Developed with a budget of 170 billion won (US$147 million) over a 46 month-long research period, the new 2.4 Theta II GDI engine will make its debut in the first half of 2010 starting with the recently launched Sonata. GDI application will subsequently be expanded across the gasoline engine family and applied to other Hyundai models.

Hyundai had shown a 2.0-liter concept Theta turbocharged gasoline direct injection (GDI) four-cylinder engine capable of developing as much as 286 hp (213 kW) while and delivering more than 30 highway mpg at the Los Angeles Auto show in 2008. (Earlier post.)

in the new production 2.4 Theta II GDI, a high pressure fuel pump injects the fuel at pressures of up to 150 bar, in precise amounts and intervals. The injection is split into two phases to achieve optimum combustion: in the first phase, the pilot injection and ignition trigger the piston’s downward power stroke. Then, in the main injection phase, during the piston’s descent, more fuel is injected and is ignited.

This split-injection technique reduces loading on the catalytic converter and helps lower emissions. This is particularly beneficial during cold starts when emissions are highest because the catalyst has not reached its optimal operating temperature.

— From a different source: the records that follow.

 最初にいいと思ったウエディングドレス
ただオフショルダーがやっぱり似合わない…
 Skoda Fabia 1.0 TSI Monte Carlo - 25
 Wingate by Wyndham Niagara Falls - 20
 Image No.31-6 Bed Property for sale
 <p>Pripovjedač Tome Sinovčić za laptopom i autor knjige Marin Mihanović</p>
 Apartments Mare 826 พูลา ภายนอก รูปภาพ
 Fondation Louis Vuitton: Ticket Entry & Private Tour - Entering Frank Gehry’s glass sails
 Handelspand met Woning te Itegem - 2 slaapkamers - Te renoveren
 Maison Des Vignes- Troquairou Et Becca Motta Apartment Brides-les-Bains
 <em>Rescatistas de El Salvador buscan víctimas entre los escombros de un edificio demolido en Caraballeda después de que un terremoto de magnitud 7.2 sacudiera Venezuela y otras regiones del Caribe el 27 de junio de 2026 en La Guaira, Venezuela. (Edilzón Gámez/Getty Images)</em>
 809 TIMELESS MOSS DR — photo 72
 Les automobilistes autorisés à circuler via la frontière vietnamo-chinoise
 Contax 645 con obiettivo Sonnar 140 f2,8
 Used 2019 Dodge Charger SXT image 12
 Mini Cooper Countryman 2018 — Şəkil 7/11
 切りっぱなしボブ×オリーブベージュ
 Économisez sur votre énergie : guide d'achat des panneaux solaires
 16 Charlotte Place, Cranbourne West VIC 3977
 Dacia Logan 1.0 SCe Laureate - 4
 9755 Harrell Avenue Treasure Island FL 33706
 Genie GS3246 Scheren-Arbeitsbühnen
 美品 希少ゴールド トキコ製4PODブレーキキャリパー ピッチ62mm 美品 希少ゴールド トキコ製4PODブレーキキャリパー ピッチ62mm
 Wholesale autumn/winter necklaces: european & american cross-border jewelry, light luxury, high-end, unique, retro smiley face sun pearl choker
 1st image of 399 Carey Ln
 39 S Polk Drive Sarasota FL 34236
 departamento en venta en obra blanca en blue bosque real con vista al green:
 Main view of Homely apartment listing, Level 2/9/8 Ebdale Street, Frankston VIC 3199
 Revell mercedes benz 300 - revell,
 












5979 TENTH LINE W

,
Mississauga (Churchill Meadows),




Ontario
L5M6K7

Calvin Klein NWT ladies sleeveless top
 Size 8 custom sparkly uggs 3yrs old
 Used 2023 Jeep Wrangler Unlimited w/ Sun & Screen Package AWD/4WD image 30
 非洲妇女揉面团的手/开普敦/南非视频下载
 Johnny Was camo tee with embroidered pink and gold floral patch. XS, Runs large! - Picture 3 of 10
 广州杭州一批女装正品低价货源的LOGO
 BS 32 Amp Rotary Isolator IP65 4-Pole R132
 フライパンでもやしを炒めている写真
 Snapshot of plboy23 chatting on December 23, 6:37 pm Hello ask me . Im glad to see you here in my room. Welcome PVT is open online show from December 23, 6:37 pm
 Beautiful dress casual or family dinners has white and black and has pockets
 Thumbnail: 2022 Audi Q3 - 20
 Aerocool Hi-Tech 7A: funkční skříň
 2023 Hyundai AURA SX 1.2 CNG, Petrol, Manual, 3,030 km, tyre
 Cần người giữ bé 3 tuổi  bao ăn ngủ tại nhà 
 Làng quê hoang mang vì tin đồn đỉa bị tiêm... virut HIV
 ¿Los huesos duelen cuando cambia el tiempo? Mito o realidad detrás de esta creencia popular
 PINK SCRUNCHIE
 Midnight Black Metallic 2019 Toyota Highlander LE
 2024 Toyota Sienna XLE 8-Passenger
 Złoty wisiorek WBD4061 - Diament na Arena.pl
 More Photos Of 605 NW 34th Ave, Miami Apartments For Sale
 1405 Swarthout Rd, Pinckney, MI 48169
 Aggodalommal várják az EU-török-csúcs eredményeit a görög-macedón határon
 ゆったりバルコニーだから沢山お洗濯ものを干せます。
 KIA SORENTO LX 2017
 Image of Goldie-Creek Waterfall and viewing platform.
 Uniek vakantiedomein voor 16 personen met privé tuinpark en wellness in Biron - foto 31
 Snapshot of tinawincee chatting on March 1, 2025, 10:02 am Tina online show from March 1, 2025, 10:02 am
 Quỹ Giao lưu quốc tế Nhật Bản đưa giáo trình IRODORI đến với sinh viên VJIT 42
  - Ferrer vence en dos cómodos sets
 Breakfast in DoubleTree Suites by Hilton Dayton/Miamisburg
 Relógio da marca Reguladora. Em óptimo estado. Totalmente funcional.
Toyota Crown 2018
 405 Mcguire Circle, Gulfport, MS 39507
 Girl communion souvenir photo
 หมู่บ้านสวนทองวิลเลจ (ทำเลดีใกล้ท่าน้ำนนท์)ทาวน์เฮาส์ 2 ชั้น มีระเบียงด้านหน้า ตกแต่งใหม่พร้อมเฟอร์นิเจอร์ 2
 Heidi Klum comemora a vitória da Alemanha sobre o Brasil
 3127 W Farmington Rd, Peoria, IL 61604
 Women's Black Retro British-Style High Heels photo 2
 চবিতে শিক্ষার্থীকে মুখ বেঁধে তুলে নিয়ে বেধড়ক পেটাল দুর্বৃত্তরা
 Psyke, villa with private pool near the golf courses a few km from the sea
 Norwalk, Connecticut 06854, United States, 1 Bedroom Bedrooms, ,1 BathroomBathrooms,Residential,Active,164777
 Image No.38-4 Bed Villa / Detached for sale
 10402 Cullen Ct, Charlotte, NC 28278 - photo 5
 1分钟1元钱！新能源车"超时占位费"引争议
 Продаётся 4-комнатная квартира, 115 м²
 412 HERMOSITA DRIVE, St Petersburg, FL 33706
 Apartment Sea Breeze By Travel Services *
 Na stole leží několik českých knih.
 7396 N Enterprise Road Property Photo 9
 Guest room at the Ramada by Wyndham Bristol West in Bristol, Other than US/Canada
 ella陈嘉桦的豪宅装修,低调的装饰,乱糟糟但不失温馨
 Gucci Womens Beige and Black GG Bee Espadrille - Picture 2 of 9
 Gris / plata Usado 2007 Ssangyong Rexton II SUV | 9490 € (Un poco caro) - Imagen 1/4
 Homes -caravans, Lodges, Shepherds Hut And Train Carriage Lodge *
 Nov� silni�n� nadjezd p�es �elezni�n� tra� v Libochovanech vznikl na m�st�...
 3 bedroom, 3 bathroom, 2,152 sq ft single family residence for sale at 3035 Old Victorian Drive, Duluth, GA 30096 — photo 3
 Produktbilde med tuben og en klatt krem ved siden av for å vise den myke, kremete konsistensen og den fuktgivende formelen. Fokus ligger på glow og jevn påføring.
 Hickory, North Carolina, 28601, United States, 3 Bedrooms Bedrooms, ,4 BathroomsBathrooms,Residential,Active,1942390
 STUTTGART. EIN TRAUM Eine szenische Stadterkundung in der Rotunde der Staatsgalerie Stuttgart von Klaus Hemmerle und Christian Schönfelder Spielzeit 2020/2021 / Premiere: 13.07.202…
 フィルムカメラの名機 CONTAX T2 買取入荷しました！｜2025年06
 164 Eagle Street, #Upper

Split-injection enables the catalytic converter to reach the optimal operating temperature faster thus reducing emissions by 25% during cold starts and meet’s California Air Resources Board’s ULEV-2 and PZEV standards.

Theta II, the second-generation of Theta, features numerous design enhancements over its predecessor starting with the application of a three-stage variable induction system (VIS) which improves engine breathing, automatically adjusting the volume of the air sucked into the combustion chamber to create the optimal air-to-fuel mix under different engine load conditions.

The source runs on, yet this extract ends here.